### Exercise details
Exclude pictures and give again exactly the lines of the listing, beginning with its first line and ending with the one that contains "Qatar's Emir Sheikh".
Data segment Block Start
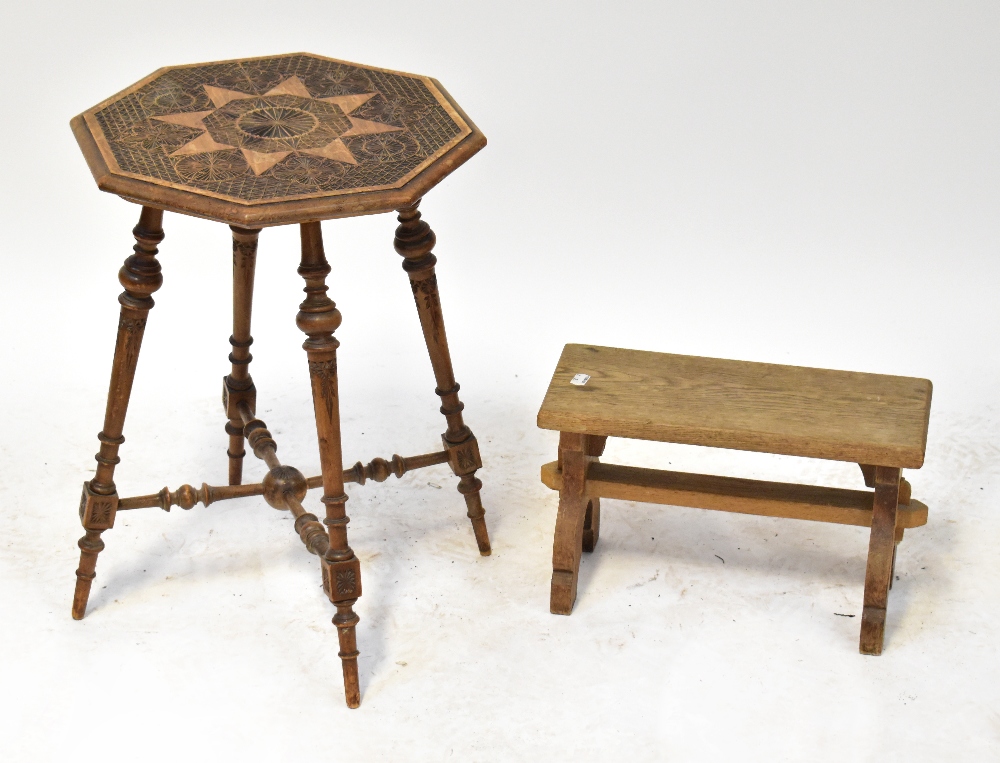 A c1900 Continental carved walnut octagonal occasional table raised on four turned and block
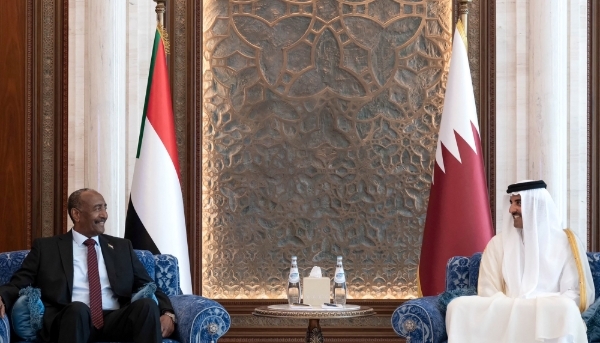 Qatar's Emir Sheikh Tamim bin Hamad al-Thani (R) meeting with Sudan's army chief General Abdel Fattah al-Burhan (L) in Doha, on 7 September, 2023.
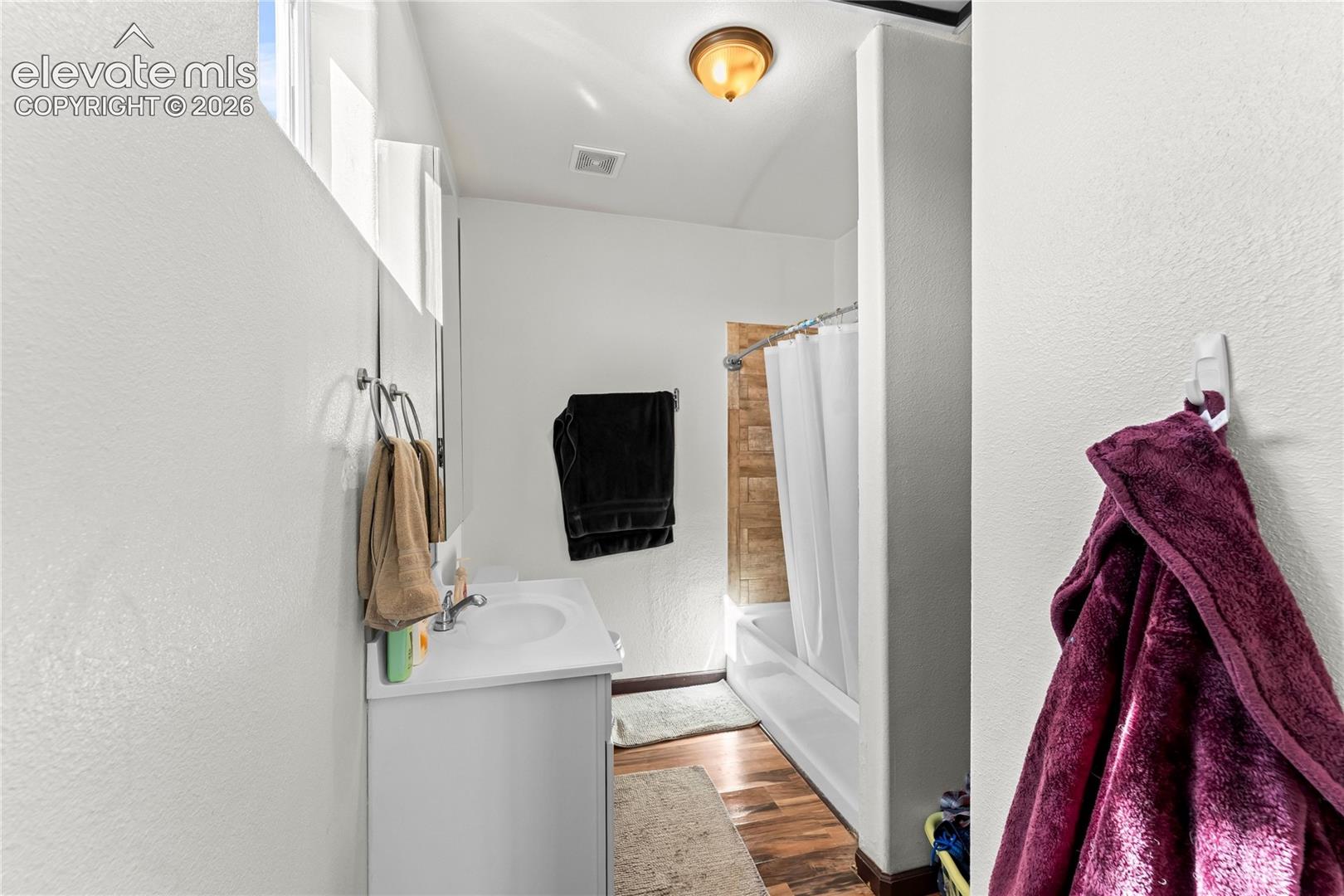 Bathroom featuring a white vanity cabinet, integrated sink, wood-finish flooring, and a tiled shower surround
Data segment Block End
### Response to the task
 A c1900 Continental carved walnut octagonal occasional table raised on four turned and block
 Qatar's Emir Sheikh Tamim bin Hamad al-Thani (R) meeting with Sudan's army chief General Abdel Fattah al-Burhan (L) in Doha, on 7 September, 2023.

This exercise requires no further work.